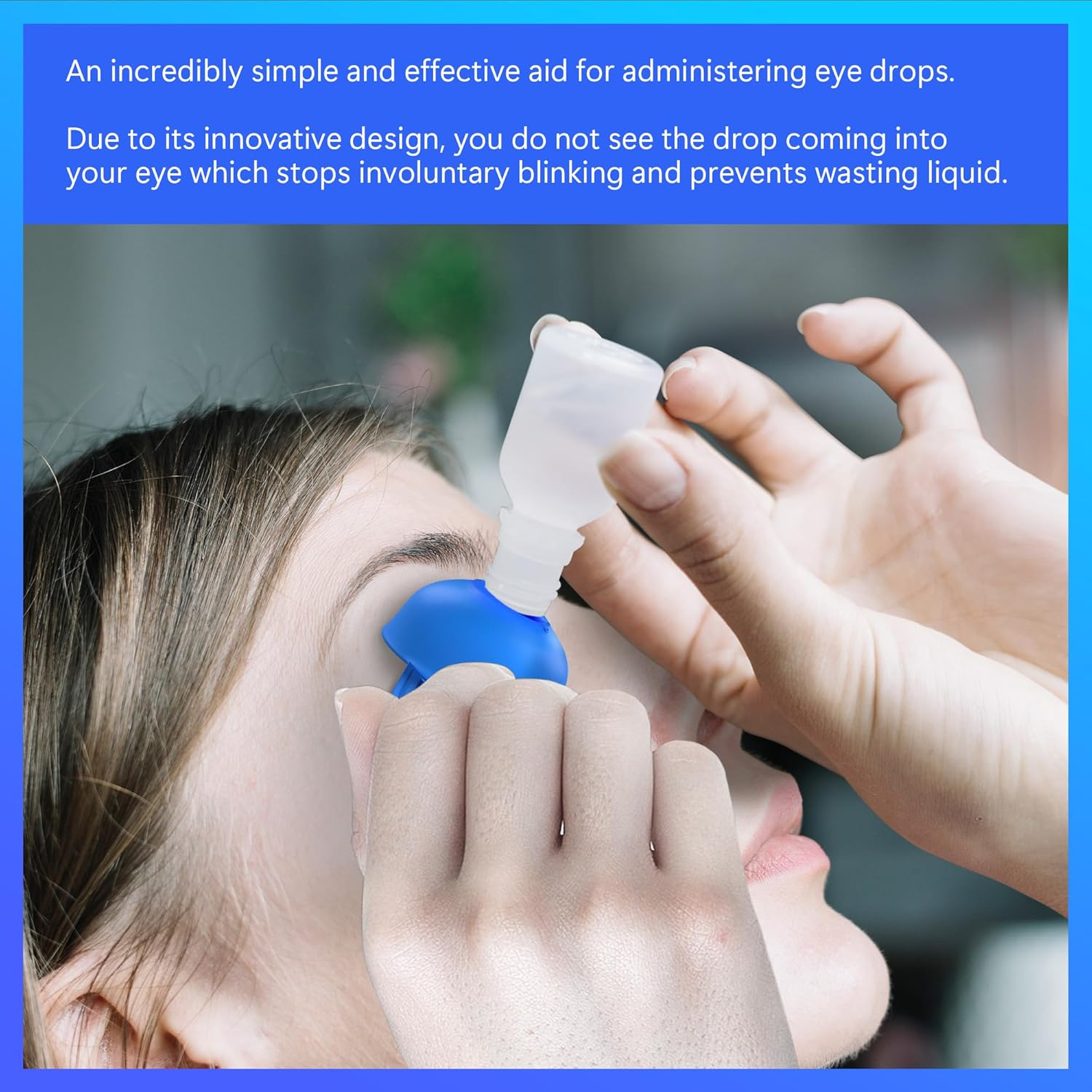 Ezidrops Eye Drop Dispenser - Suitable for Wide/Flat Head Bottles Only - No More Involuntary Blinking and Fluids Wastage! - Reusable Easy Eye Drop Applicator from Young Children to Elderly (Blue) image number 6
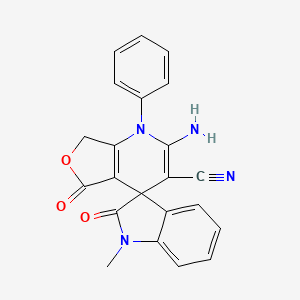 molecular formula C22H16N4O3 B4321275 2-amino-1'-methyl-2',5-dioxo-1-phenyl-1',2',5,7-tetrahydro-1H-spiro[furo[3,4-b]pyridine-4,3'-indole]-3-carbonitrile 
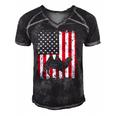 American Flag Camel Animal Vintage 4Th Of July Gift Men's Short Sleeve V-neck 3D Print Retro Tshirt Black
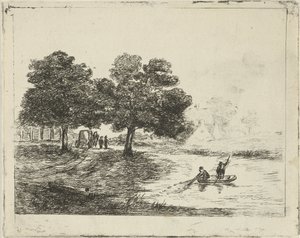 Landschap met vissers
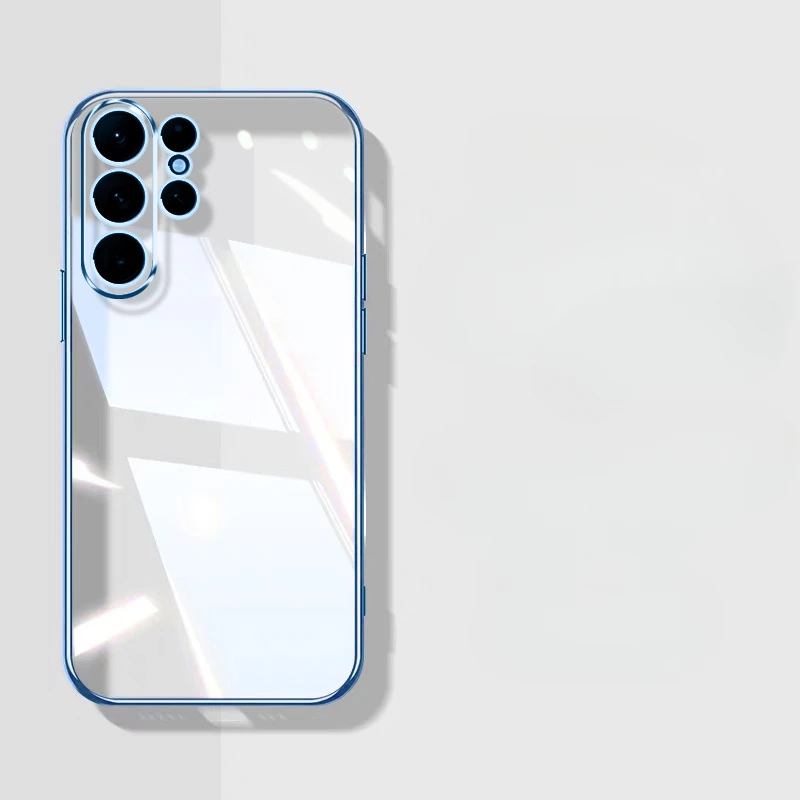Clear Transparent Plating Silicone Case For S24 S23 S22 S21 S20 Ultra Plus FE Square Frame Soft Back Cover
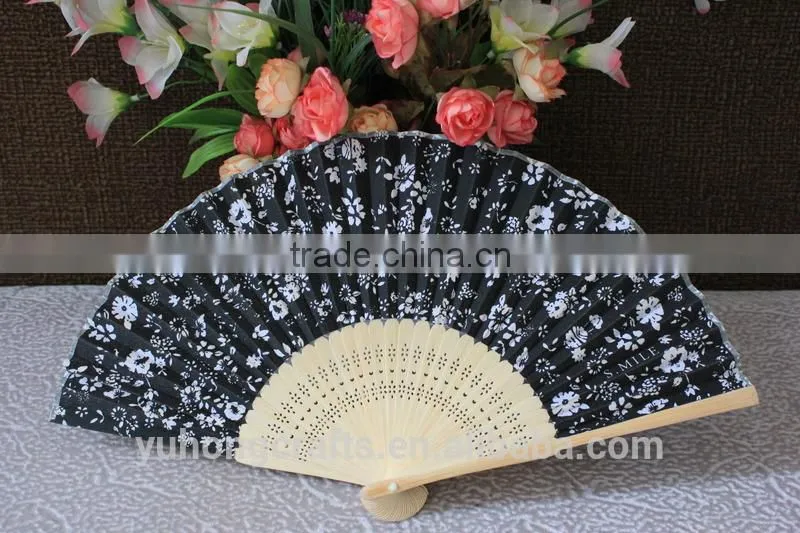 Cheap fabric hand fan with bamboo ribs for promotion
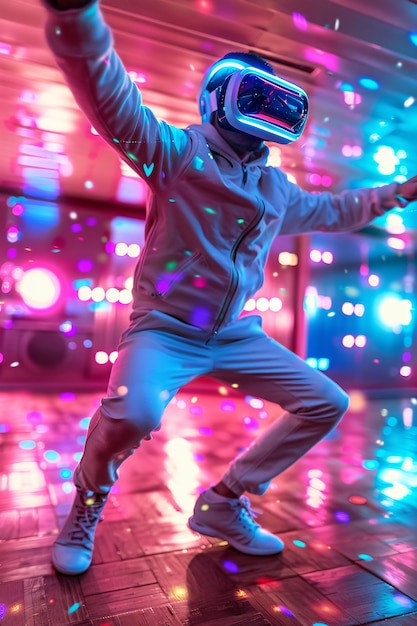 Free photo people dancing at an immersive party with virtual reality headset and bright neon colors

# Work instructions
Please output the lines from the line that holds "Landschap met vissers" through the final line of the material above, both included. Each line must match exactly, and pictures must be excluded.

# Reply to the exercise
 Landschap met vissers
Clear Transparent Plating Silicone Case For S24 S23 S22 S21 S20 Ultra Plus FE Square Frame Soft Back Cover
 Cheap fabric hand fan with bamboo ribs for promotion
 Free photo people dancing at an immersive party with virtual reality headset and bright neon colors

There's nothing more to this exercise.